OM/OC Ratio of Polar and Non-Polar Organic Matter during Wintertime from Indo-Gangetic Plain: Implications to Regional-Scale Radiative Forcing

  • Prashant RajputEmail author
Original Paper

Abstract

Ambient PM2.5 (particulate matter with aerodynamic diameter ≤ 2.5 μm) samples have been collected in two winter campaigns: I during 2nd December 2008‒27th February 2009 (n = 24) and II during 3rd December 2010‒11th February 2011 (n = 15). The PM2.5 mass varied significantly from 35 to 220 and 80 to 244 μg m−3 during I and II campaigns, respectively. Based on similar inter-annual variability (statistical two-tailed t test) of PM2.5, K+/PM2.5 (0.010), EC/PM2.5 (0.04) and OC/EC (~ 6) ratio, it has been inferred that the strength of combustion sources, viz. biomass burning and fossil fuel combustion remained more or the less constant during I and II campaigns (OC: organic carbon; EC: elemental carbon). However, significant difference in OC/PM2.5 and WSOC/OC ratios between I and II campaigns indicated a significant change in organic aerosol composition attributable to fog processing vis-à-vis fog scavenging (WSOC: water-soluble organic carbon). The OM/OC (organic mass-to-organic carbon) ratio of polar and non-polar organics averaging at 2.0 and ~ 1.2 (and the overall OM/OC ratio at 1.7) look quite similar during both the campaigns. Principal component analysis (PCA) resolved total source contribution up to 81.4% of which ~ 64% was attributed to mixed contribution from biomass burning emission and secondary transformations, 25% of the resolved source fraction to fossil fuel combustion and 11% of the resolved source fraction to the mineral dust.
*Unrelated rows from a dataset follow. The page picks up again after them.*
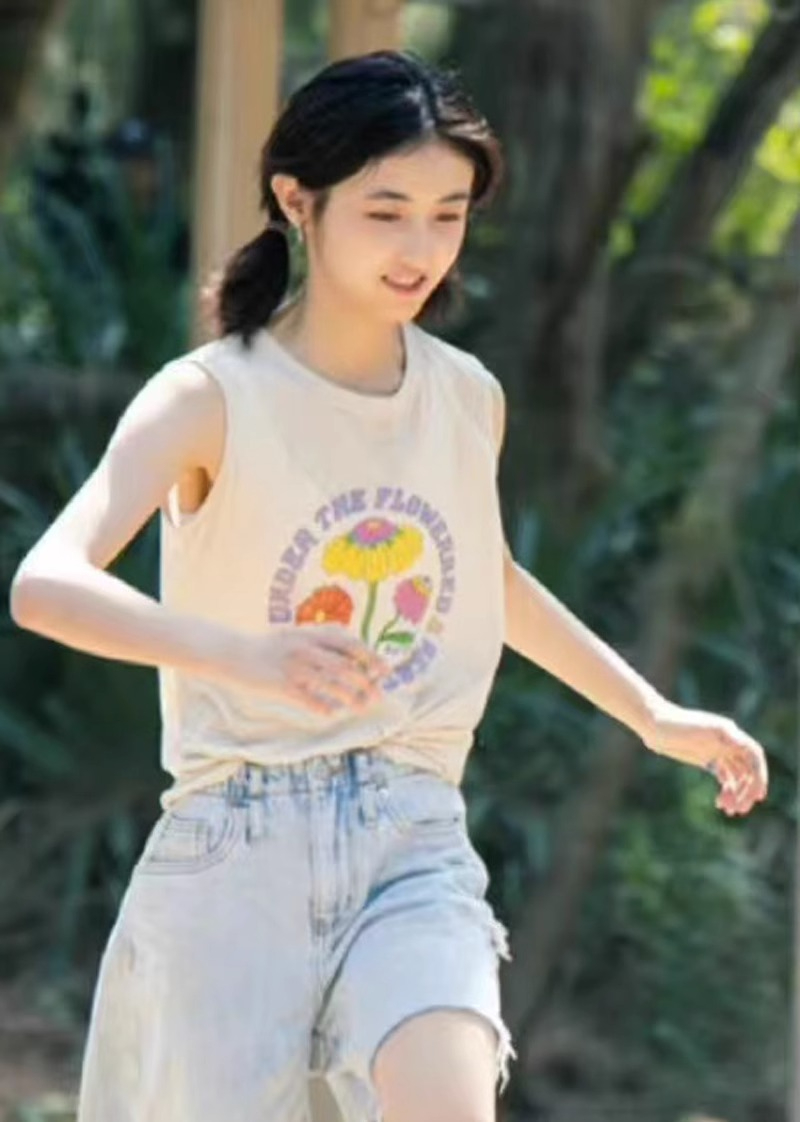 官圖 寬鬆印花背心無袖T恤上衣女夏季打底衫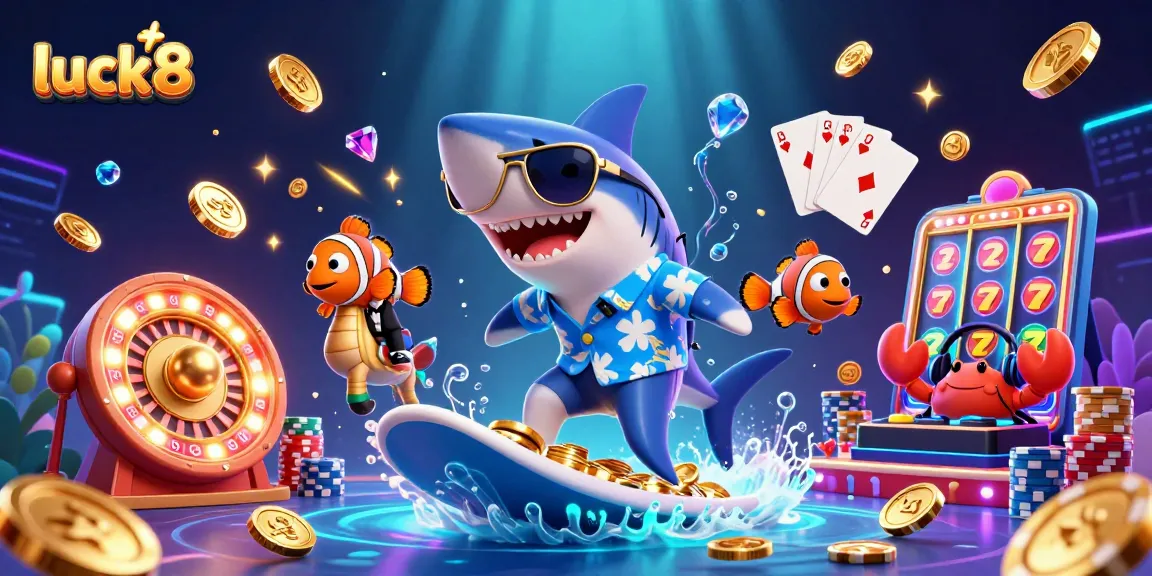 Join the fun with luck8 in this vibrant 3D casino scene featuring a shark surfing through gold!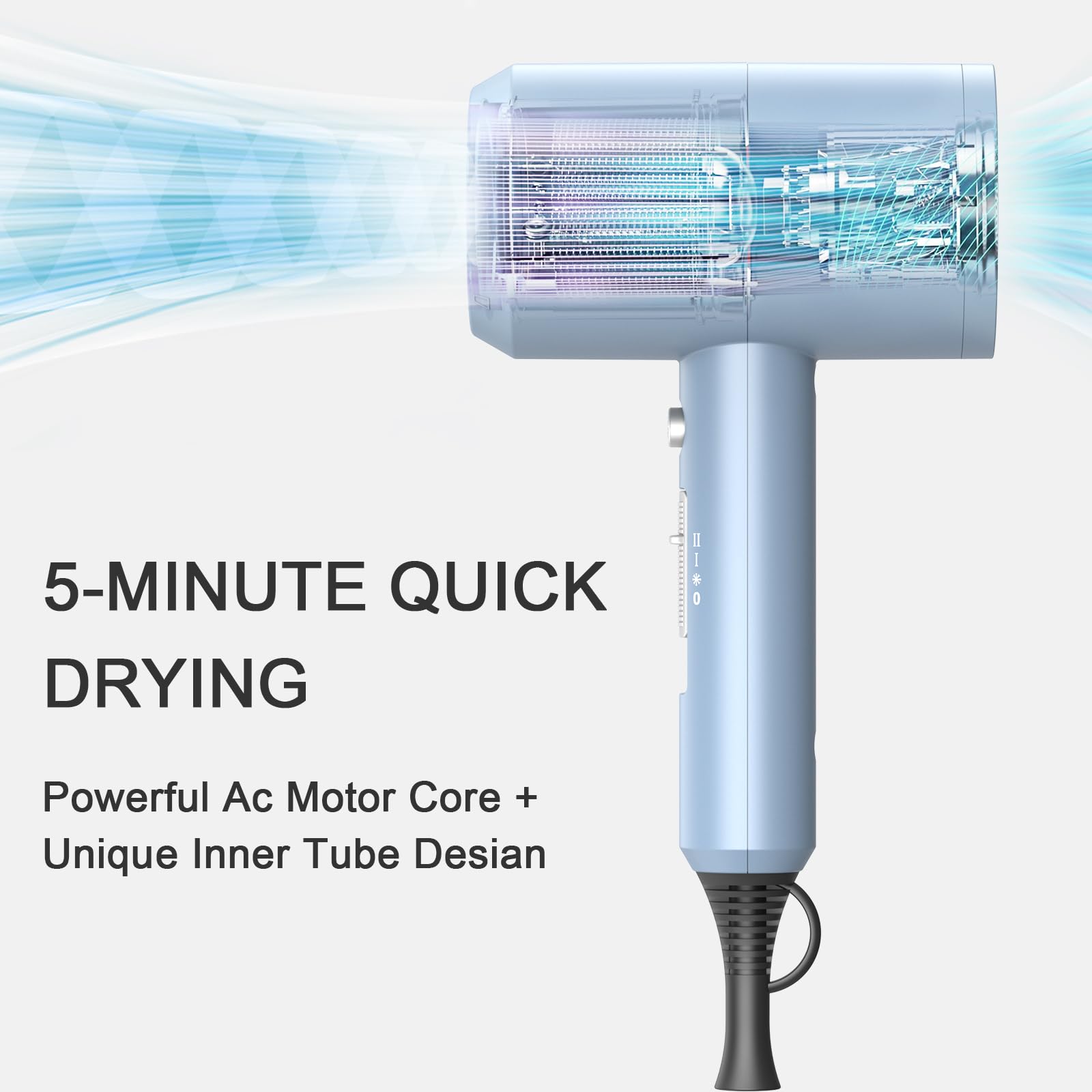Phon Ionico, Slopehill Asciugacapelli Professionali con Motore AC 1800w per Asciugatura Rapida, Pulsante Caldo/Freddo, 1 Diffusore 2 Concentratori, 3 Impostazioni Di Temperatura (blu)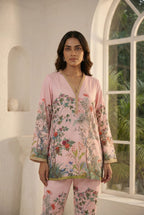 Premium Pastel Pink 2-Piece Set with Lace Neckline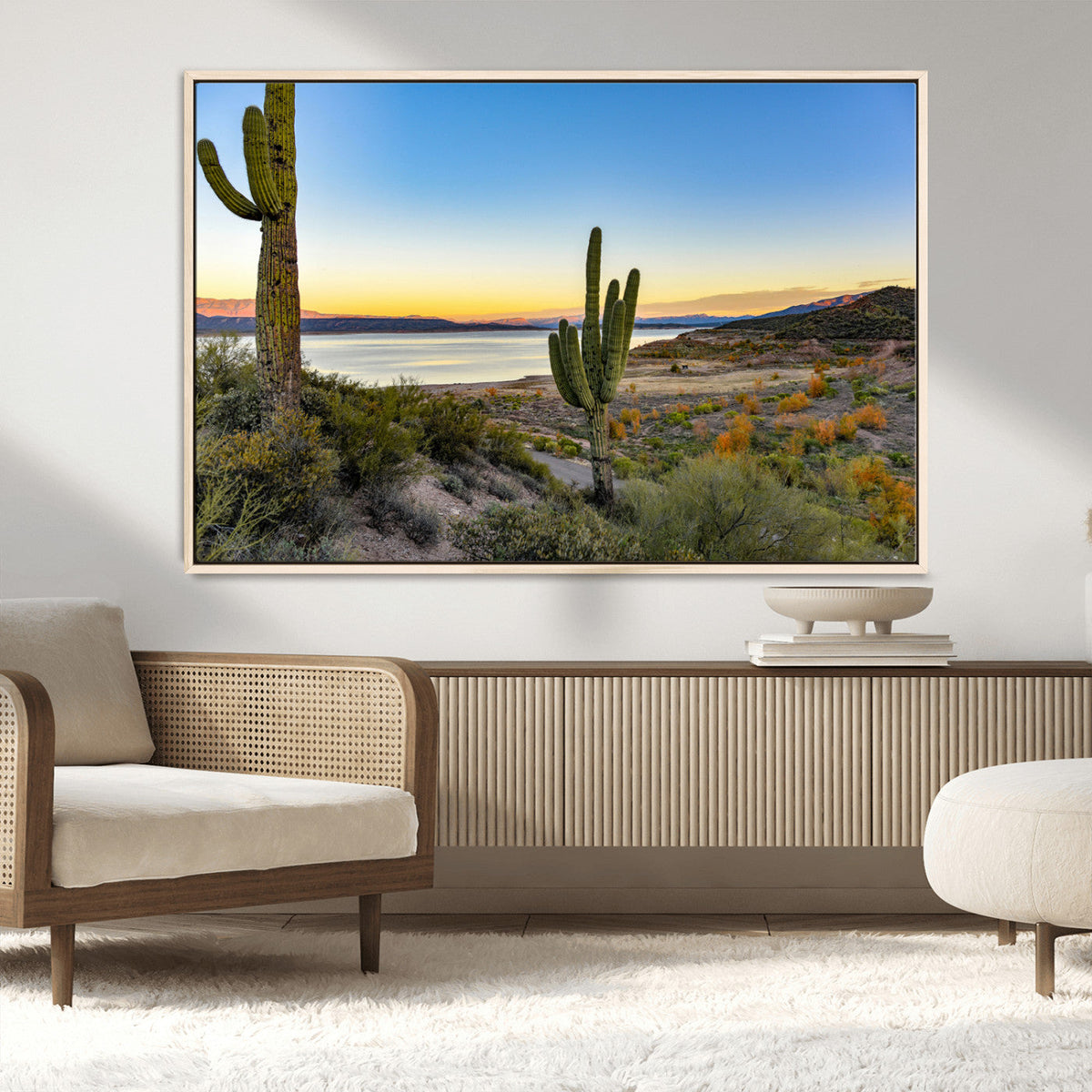 Saguaro Cactus Wall Art Canvas Print, Framed Desert Sunset Southwestern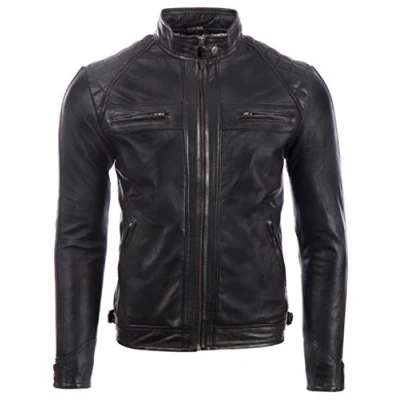 Image of Leatherick Men&#039;s Motorcycle Warrior Style Tactical Leather Waistcoats Biker Vests (3XL, Style)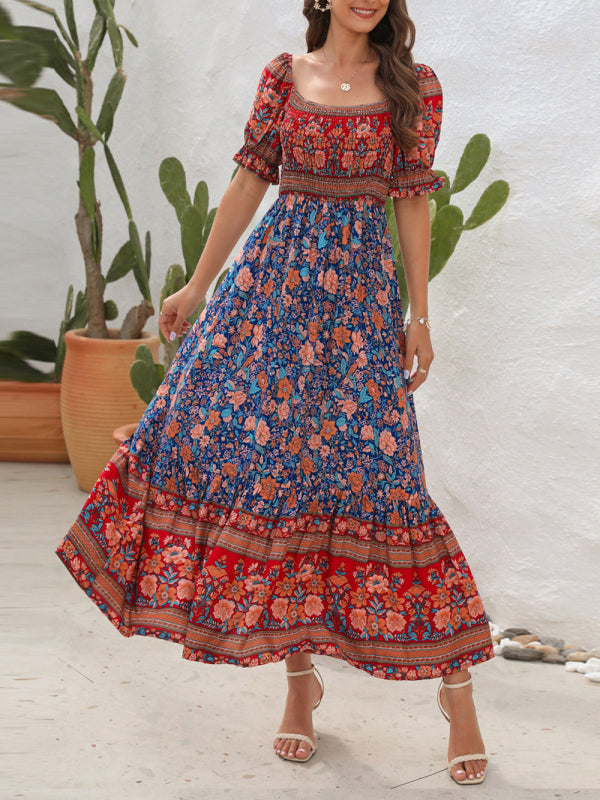 Opulence EmpórionBoho Beach Vacation Dress Off-Shoulder Puff Sleeve Floral Midi Dress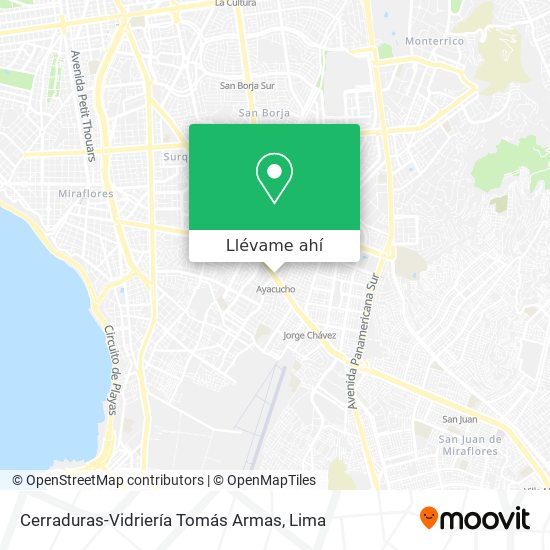 Mapa de Cerraduras-Vidriería Tomás Armas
These results have implications to better parameterization of organic aerosols in chemical transport model and accurate estimation of their influence on regional-scale radiative forcing.

Keywords

Organic aerosols OM/OC ratio Fog processing IGP 

Notes

Acknowledgements

I thank Prof. M. M. Sarin (Geosciences Division; Physical Research Laboratory, Ahmedabad, India) and ISRO-GBP office (Bengaluru, India) for supporting this study. I also thank, Prof. Darshan Singh and Dr. Deepti Sharma for support in aerosol collection and sampling logistics, and the Indian Meteorological Department (IMD; Punjabi University, Patiala in India) for providing the relevant meteorological parameters from the sampling site. Author thanks the reviewers for providing constructive comments and Prof. Junji Cao for editorial handling of this manuscript. PR is thankful to the Council of Scientific and Industrial Research (India) for providing CSIR-Senior Research Associate fellowship (CSIR-SRA Pool No # 8934-A/2017).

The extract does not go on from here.